Riga is all about agriculture. So in the 90’s when some idiot decided that former swampland would be a great place to build a low-level nuclear waste dump, everyone banded together to stop it. They sold burn barrels painted with the “No Nuke Dump” slogan. High schoolers came into middle school classrooms to give the students a list of all the local, state, and federal politicians and their addresses. Being the good little letter-writing middle schooler that I was, I wrote letters to them all to protect my hometown. My mother always told me not to write to the President, for fear the Secret Service would show up on our doorstep. I wrote to George Bush anyway. The nuke dump proposal was chased the Hell out of town:)

So, in 1993, in the Blissfield Advance Newspaper, I saw an ad for a contest. Riga was going to have a Sesquicentennial Celebration. They were having a “design a Riga Township flag contest”. Something instantly clicked in me, that this was something I had to do (I have had those moments now and then throughout my life). So, I got a piece of poster board at the local pharmacy within walking distance, cut it to the required size, and chose colored pencils as my medium of choice. I did a rough draft first (which I almost NEVER do). I only did one rough draft design and that is what I used for the final design. When I think of Riga, I think of farmers, barns, livestock, people waving hello. I worked all that into my design. I sort of ripped off the United States flag, replacing the field of stars with an actual field. The house on the flag slightly resembles my old house. It was required to say “1843”.

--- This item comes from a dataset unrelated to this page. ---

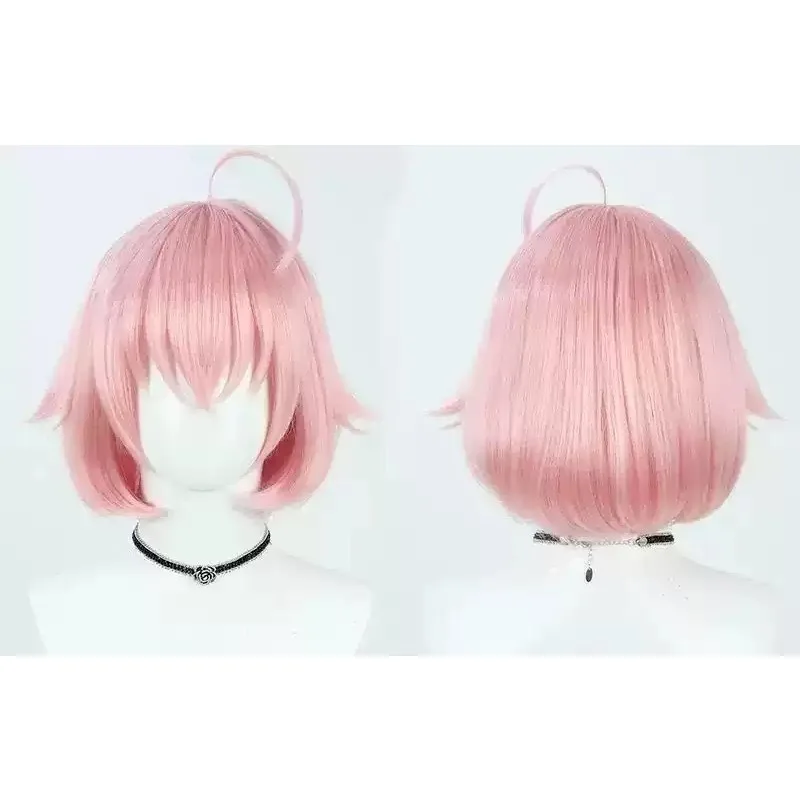 FallenVex Store Pink Shaped Synthetic Wig, Simulation Scalp Top, High‑Temperature Fiber, Short / Long Role‑Play Wig with Wig Cap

I finished my masterpiece and turned it in at one of the listed locations, the bank within walking distance. I didn’t entirely trust the bank employees to turn it in to the proper authorities. And they probably all unrolled it and laughed at it.

The original drawing was in color.

I would have gone to the judging, but that night I had an academic awards ceremony at school. (That year I cleaned up.) So imagine how nice it was to come home and hear on the answering machine that I had won the flag design contest and the first prize of a $75 savings bond. I learned that they were going to make a physical version of my flag, but that they would cost like $50 each to purchase. Kind of steep for a seventeen year old with no job. When they gave me my savings bond at the July 4th Sesquicentennial Celebration, they gave me one of my flags for free. I found out they had other contests, like “design a postmark”. The same woman won all of those contests, but her flag came in second to mine. Somehow that made it a sweeter victory.

Now my flag hangs in my guest bedroom. (And, I assume, at the Riga Municipal Building.) It might make me a giant dork, but I think it is sort of cool to have designed a township flag. Maybe generations from now the people of Riga will look at their flag and wonder about who designed it. Or maybe they will have a new contest to replace it.